Philippines, Asean target tech firms moving out of China
MANILA, Philippines — Southeast Asian countries such as the Philippines are expected to gain from the geopolitical tensions between the West and China, as they may land some of the tech giants relocating out of Chinese cities.
In an analysis, the International Data Corp. (IDC) said Southeast Asia as a region could capture at least 10 percent of the market for semiconductor assembly and testing by 2027.
The IDC said integrated device manufacturers from Europe and the US are considering Southeast Asia as a location for their future investments.
The IDC said outsourced semiconductor assembly and test companies are shifting their attention away from China due to geopolitical disputes. In the process, Southeast Asia should benefit from this development, attracting some of the relocating firms.
On the other hand, the IDC said Taiwan stands to lose from this capital flight as it is projected to shred four percentage points in market share between 2022 and 2027.
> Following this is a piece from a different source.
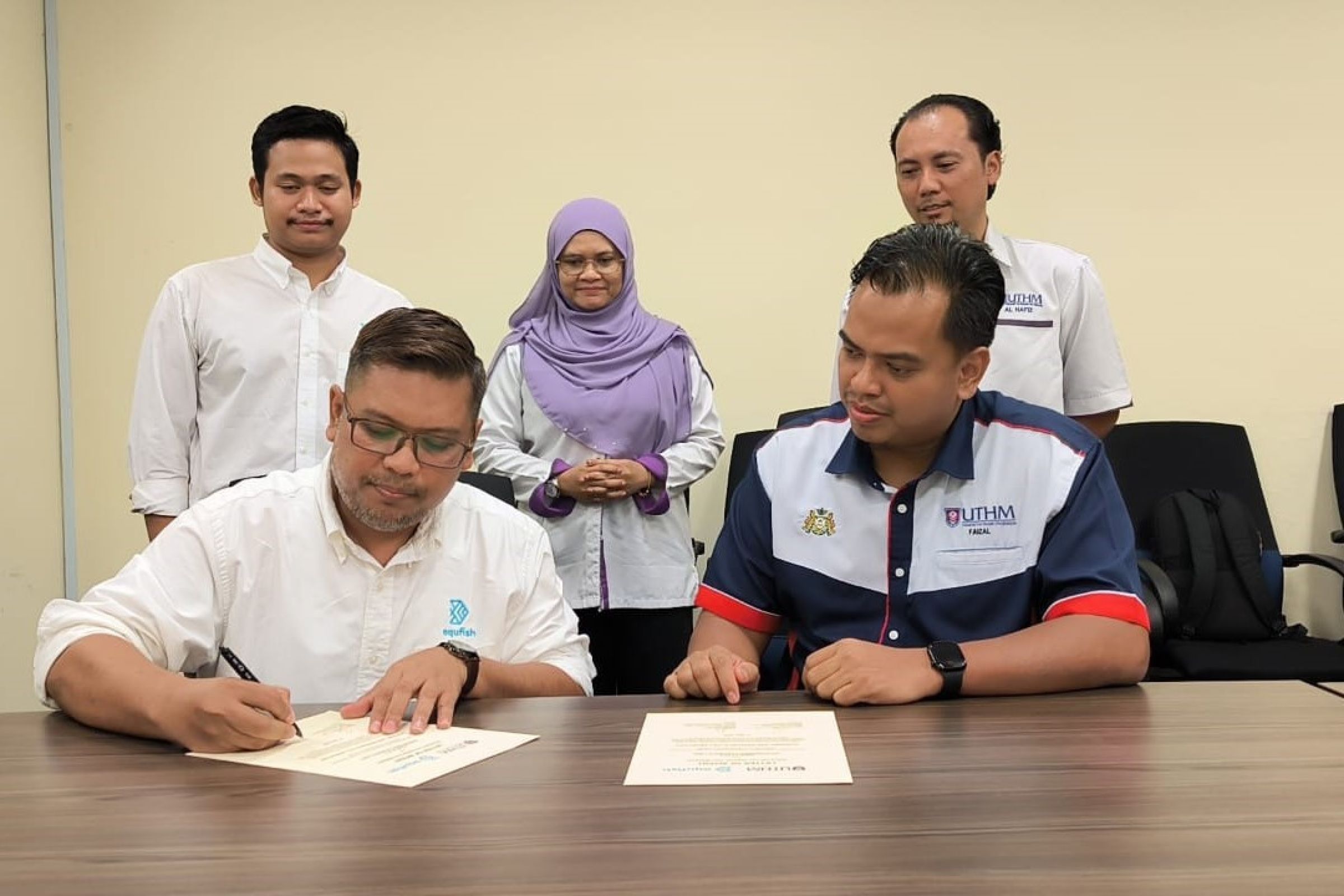 Pusat Pengajian Diploma UTHM dan AquFish PLT Jalin Kerjasama Penyelidikan Teknologi IoT dalam Akuakultur Pintar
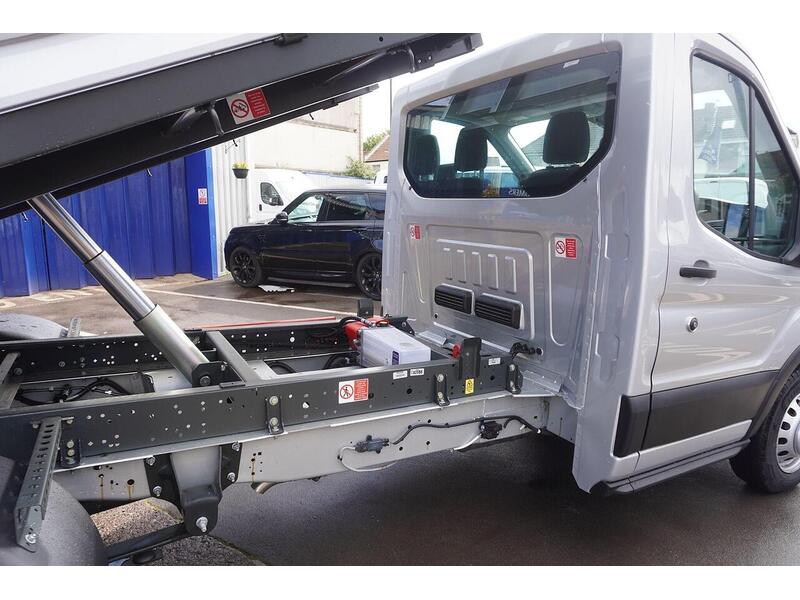 Ford Transit Transit 2.0 350 EcoBlue Leader Tipper 2dr Diesel Manual RWD L2 Euro 6 (s/s) (1-Way, 1-Stop) (165 ps) - U119275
“Southeast Asia’s share of the global semiconductor assembly and testing will reach 10 percent in 2027, while Taiwan’s share will decline to 47 percent from 51 percent in 2022,” the IDC said.
IDC Asia-Pacific semiconductor research lead and Taiwan country manager Helen Chiang noted that the world layout for tech manufacturing is bound to change with competition between the West and China heating up.
Chiang thinks that the reshuffling of tech factories in Asia will reduce international partnerships and promote regional races for semiconductor production.
“Geopolitical shifts are fundamentally changing the semiconductor game. While the immediate impact might be subtle, long-term strategies are focusing more on supply chain reliance, security and control,” Chiang said.
The Philippines attributes more than half of its yearly exports to electronic products, particularly semiconductors. Based on data from the Philippine Statistics Authority, the country increased its electronic shipments by seven percent to $45.66 billion last year, from $42.5 billion in 2021.
In 2022, the share of electronic exports to total shipments rose to 57.8 percent from 56.9 percent, as importers ramped up their factory activities in the aftermath of the pandemic.
The Philippines is eyeing to become a digital center in Southeast Asia, with companies building data centers and subsea cables to convince tech giants to locate here.